§ Record set:

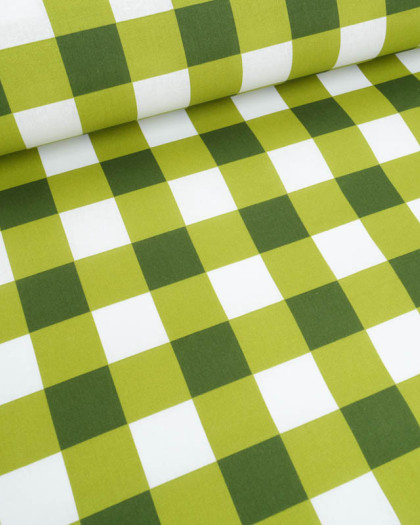 Tissu Déperlant Vichy Vert - Mercerine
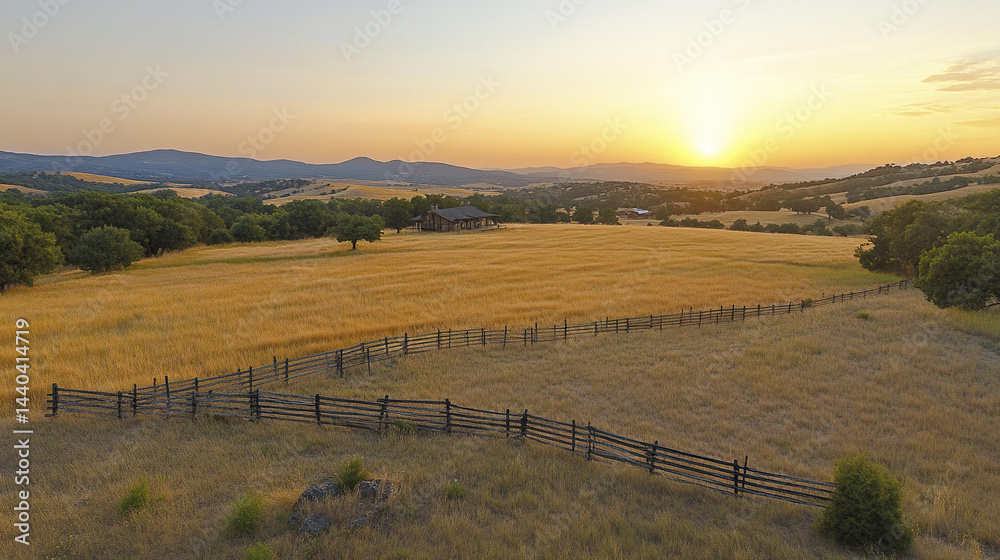 Fototapeta premium serene sunset over golden field with rustic fencing and rolling hills in background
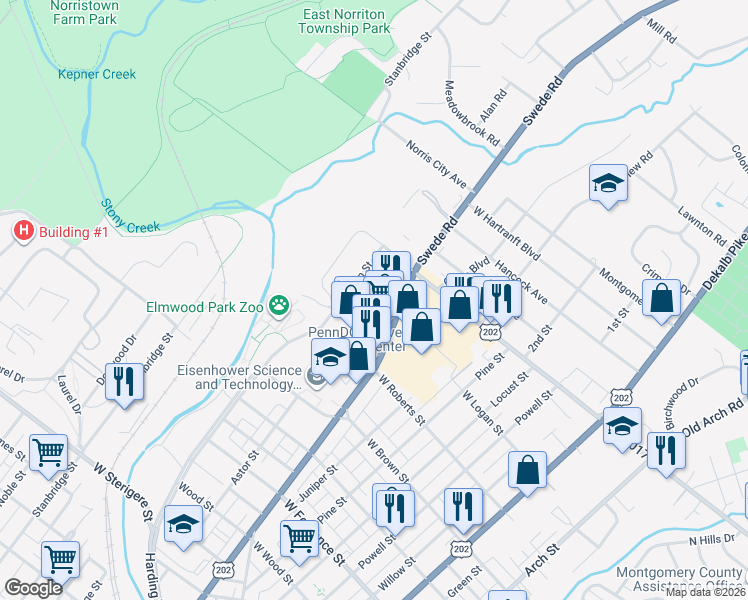 map of restaurants, bars, coffee shops, grocery stores, and more near 407 West Logan Street in Norristown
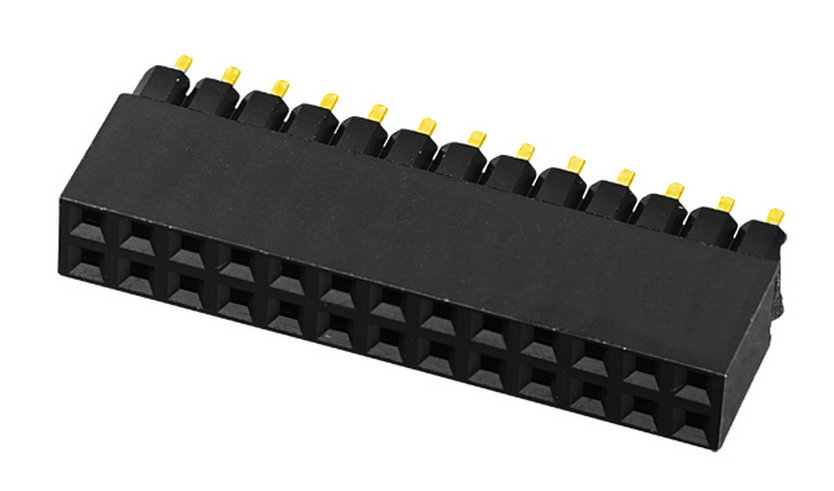 PH2.54mm Female Header Dual Row Dual Body Y-type Straight Connector 3A Current Rating -40°C to +105°C Brass Contact for Battery & Energy Storage Systems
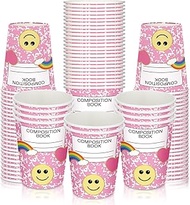 Jingmore 100 Pcs Pink Composition Book Design Disposable Paper Cup 9 oz School Season Coffee Tea Cup
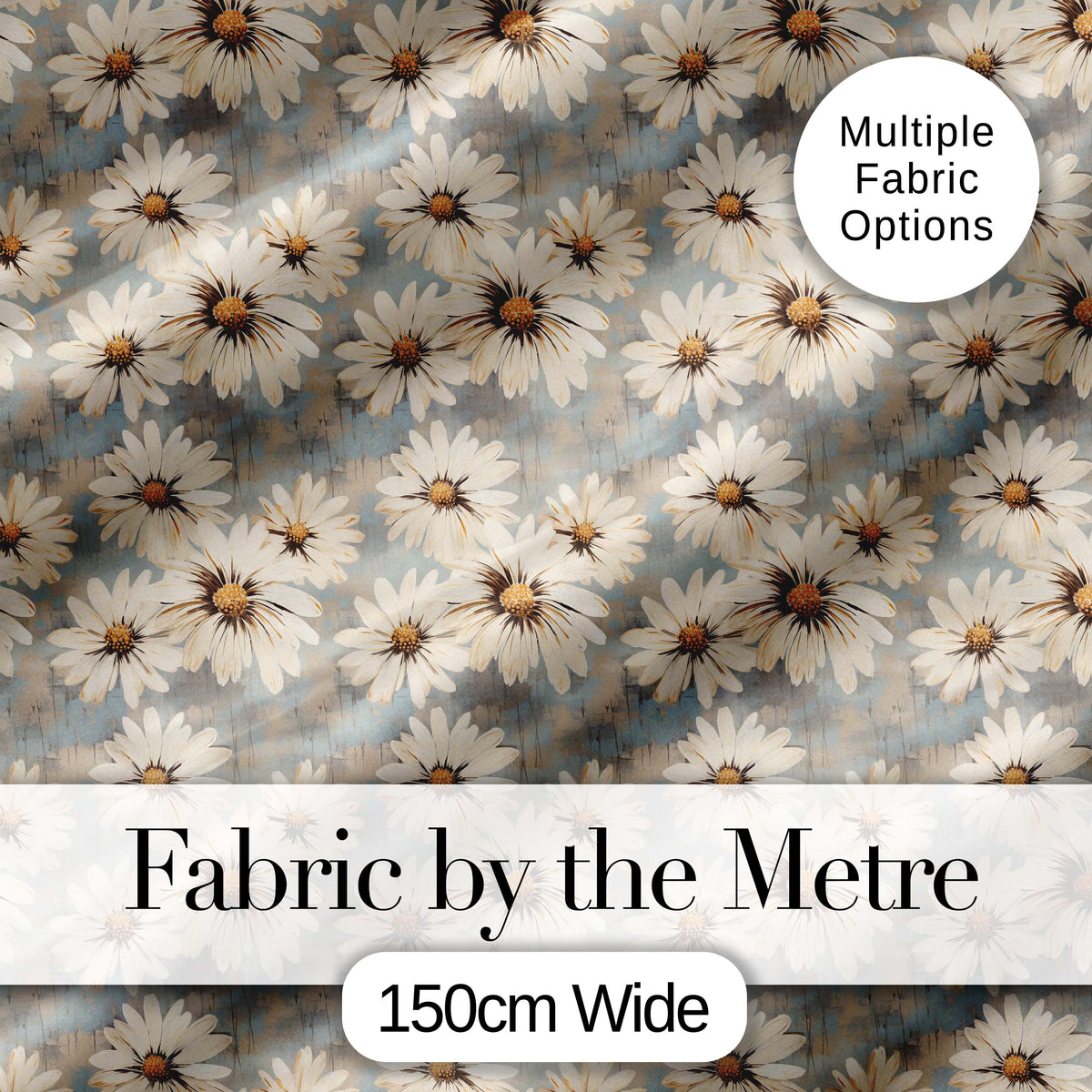 Fresh White Daisy Meadow on Sky Blue Background Digital Print Fabric by the Metre UK Sewing Quilting Textile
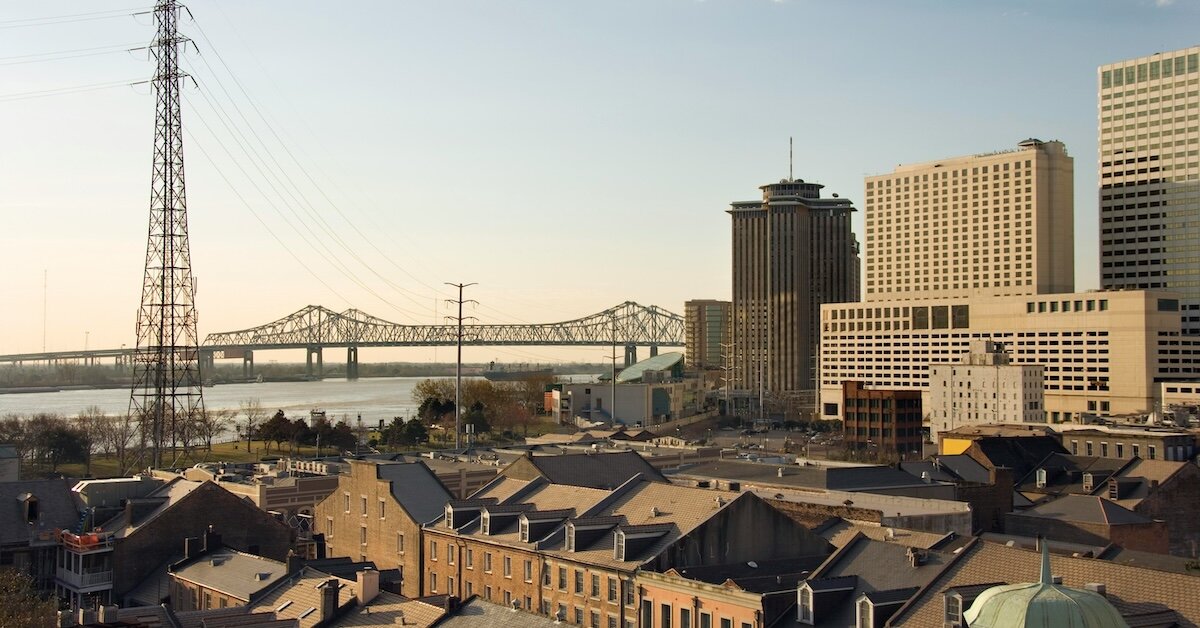 A city's downtown center lies next to a river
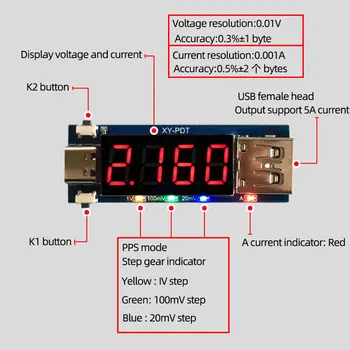 Suport PD2.0 PD3.0 Tip C PD Încărcare Rapidă a Declanșa Modulul DC Digital Tensiune de Curent Tester Meter Instrument de Testare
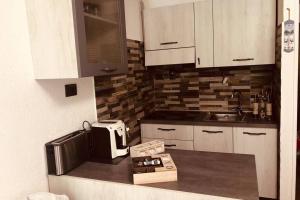 a kitchen with white cabinets and a microwave at Appartamento G&G in Pontechianale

§ Task directions: From the listing above, restate verbatim the lines running from the one with "map of restaurants, bars, coffee" through the one with "Suport PD2.0 PD3.0", inclusive, but not the pictures.

§ Response to this exercise:
 map of restaurants, bars, coffee shops, grocery stores, and more near 407 West Logan Street in Norristown
 PH2.54mm Female Header Dual Row Dual Body Y-type Straight Connector 3A Current Rating -40°C to +105°C Brass Contact for Battery & Energy Storage Systems
 Jingmore 100 Pcs Pink Composition Book Design Disposable Paper Cup 9 oz School Season Coffee Tea Cup
 Fresh White Daisy Meadow on Sky Blue Background Digital Print Fabric by the Metre UK Sewing Quilting Textile
 A city's downtown center lies next to a river
 Suport PD2.0 PD3.0 Tip C PD Încărcare Rapidă a Declanșa Modulul DC Digital Tensiune de Curent Tester Meter Instrument de Testare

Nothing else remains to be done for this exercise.